++++ RECORDED DATA
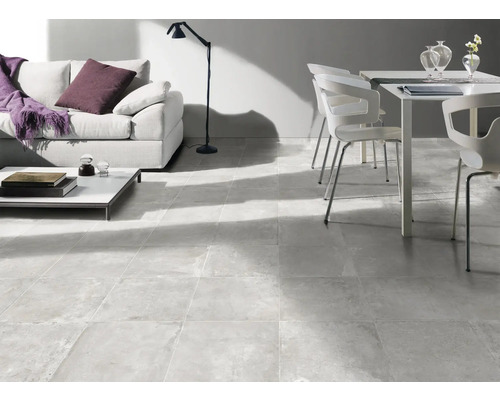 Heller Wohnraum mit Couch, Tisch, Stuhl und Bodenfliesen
++++++++
++++ RECORDED DATA
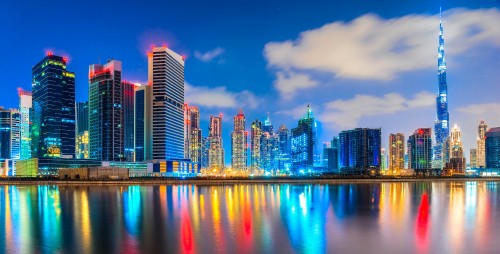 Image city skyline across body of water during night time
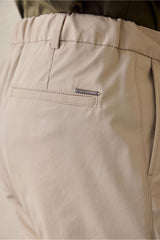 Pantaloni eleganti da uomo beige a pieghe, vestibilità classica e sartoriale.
++++++++
◆ **WHAT YOU ARE ASKED TO DO**
In the data above, start at the line holding "Image city skyline" and stop after the line holding "Pantaloni eleganti da"; write out those lines exactly, without pictures.

◆ **SOLVED EXERCISE**
 Image city skyline across body of water during night time
 Pantaloni eleganti da uomo beige a pieghe, vestibilità classica e sartoriale.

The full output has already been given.